Puede que la Palma de Oro para su nueva película, 'La vida de Adèle', convierta por fin su nombre en alguien asequible y reconocido por el gran público

David Trueba

Para un cineasta, los festivales de cine son una oportunidad y una tortura al mismo tiempo. Destrozado el mercado de salas por la avidez que ha marcado todos los sectores artesanales en las últimas décadas, una gran cantidad de la producción del año no encuentra otro espacio para reivindicarse que el de los festivales y las muestras de cine. Desterrado del consumo convencional, mucho cine ambicioso y especial necesita someterse a la competición, probablemente el más absurdo destino de una obra artística, y ser premiada en comparación con otra.

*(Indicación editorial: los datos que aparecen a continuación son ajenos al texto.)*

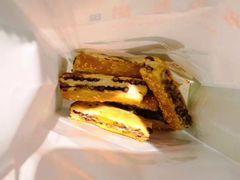 -金色麦甜糕点(面包.蛋糕.华苑店)
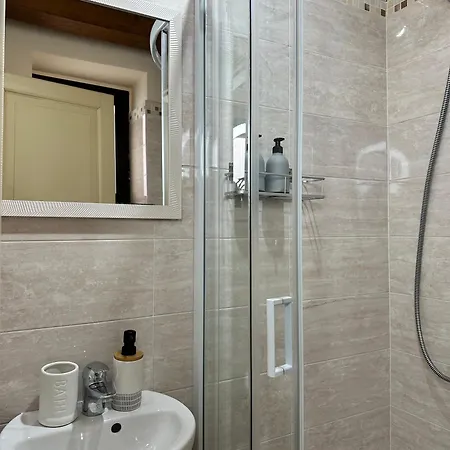 Office Della Castellina - Parcheggio Privato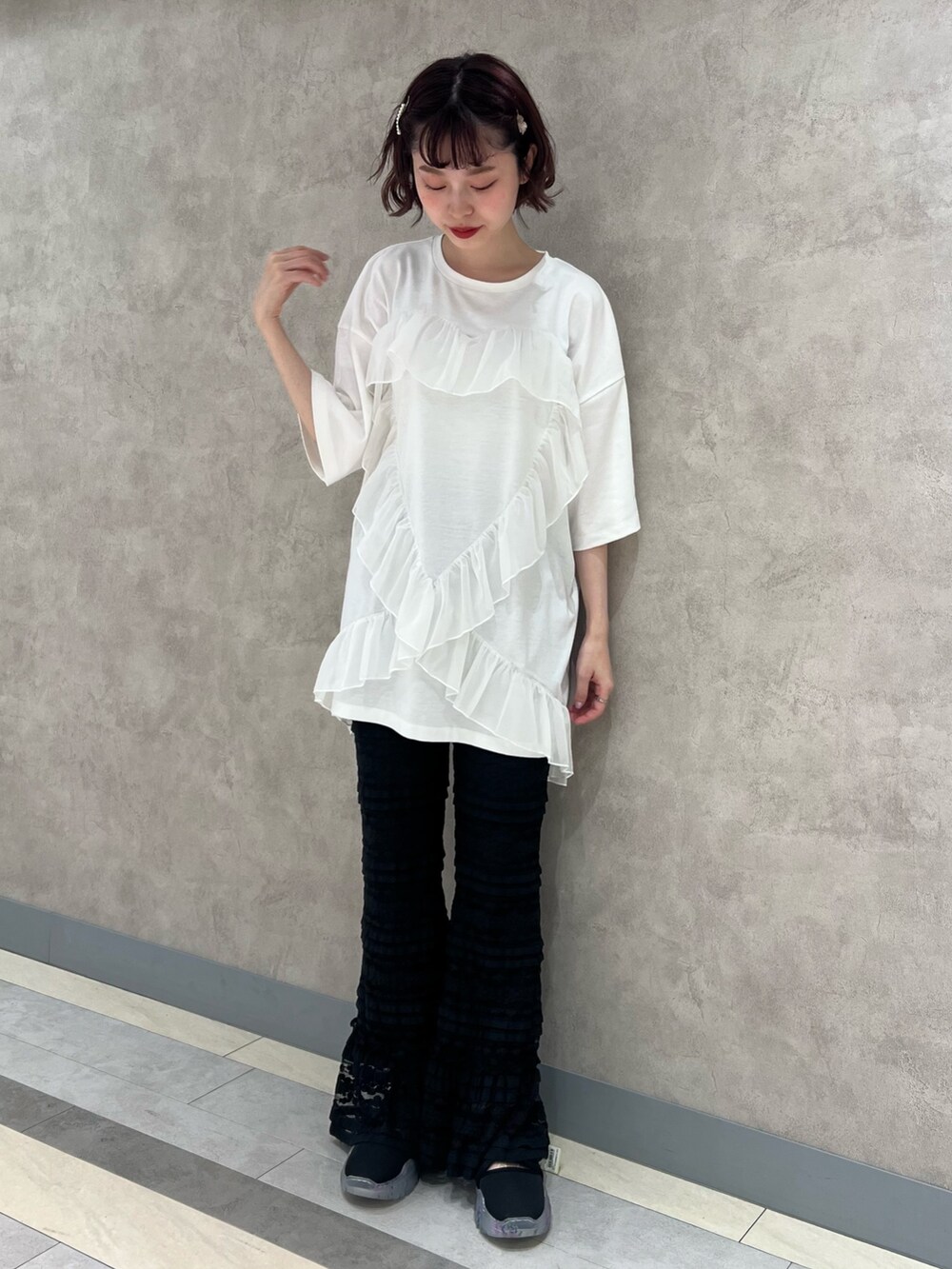 ブラック系のスウェットパンツ、ホワイト系のTシャツ/カットソー、ホワイト系のトートバッグを着用したレディースの夏コーディネートの6枚目の写真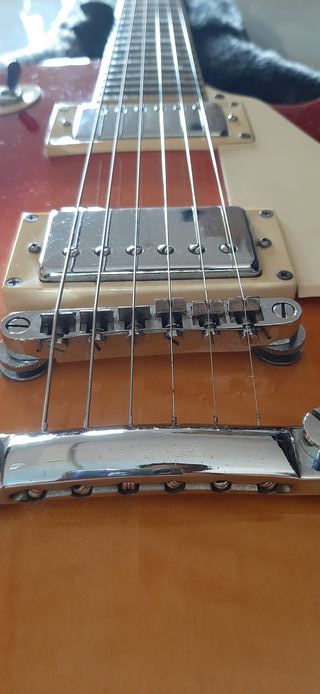 Epiphone Les Paul Guitarra + Estuche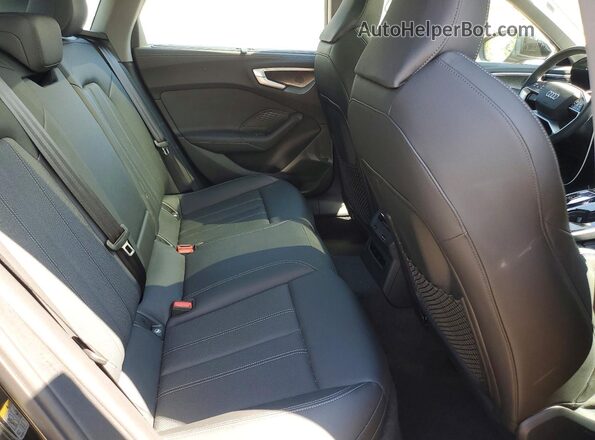 WAU2BCFU2SN034541 2025 AUDI A5 Black Հետևի նստատեղերի տեսք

Pero los premios se han convertido en la única salida promocional de quien no disfruta de una potencia de propaganda para apoyar su proyecto.

Por eso al terminar el Festival de Cannes queda lejano el recuerdo de su apertura, cuando otra adaptación de El gran Gatsby se benefició de las toneladas de prensa y glamurosa celebración como prólogo a que el gran cine se pudiera hacer visible durante la competición. El festival siempre ha jugado con inteligencia esa baza doble, aunque hace ya mucho tiempo que hemos perdido la inocencia ante sus cálculos, sus decisiones interesadas y su listado de filias y fobias. Pero el premio para Abdellatif Kechiche recupera la razón de ser de estos concursos. Es un director que ha tenido excesivos problemas para llegar a nuestro país, aunque fuera en circuitos minoritarios. Lo logró con su película La escurridiza, después de que fuera ignorado su extraordinario debut La faute á Voltaire.

Después llegaría La graine et le mulet que en España se estrenó como Cuscús, una película deliciosa, y vuelta a las dificultades para La Venus Negra, una durísima recreación de la explotación de lo grotesco, en un ambiente sonámbulo y desagradable. Puede que la Palma de Oro para su nueva película, La vida de Adèle, convierta por fin su nombre en alguien asequible y reconocido por el gran público. Que sea necesario pasar por la lotería de los premios y las clasificaciones deportivas aplicadas al talento, evidencia la incapacidad del mercado del cine para superar la rapacidad de su vertiente industrial. Pero bienvenido sea que nos familiaricemos con el nombre de este tunecino francés, modernizador de Marivaux, que transporta la delicadeza y la complejidad a su hermoso retrato del mundo contemporáneo.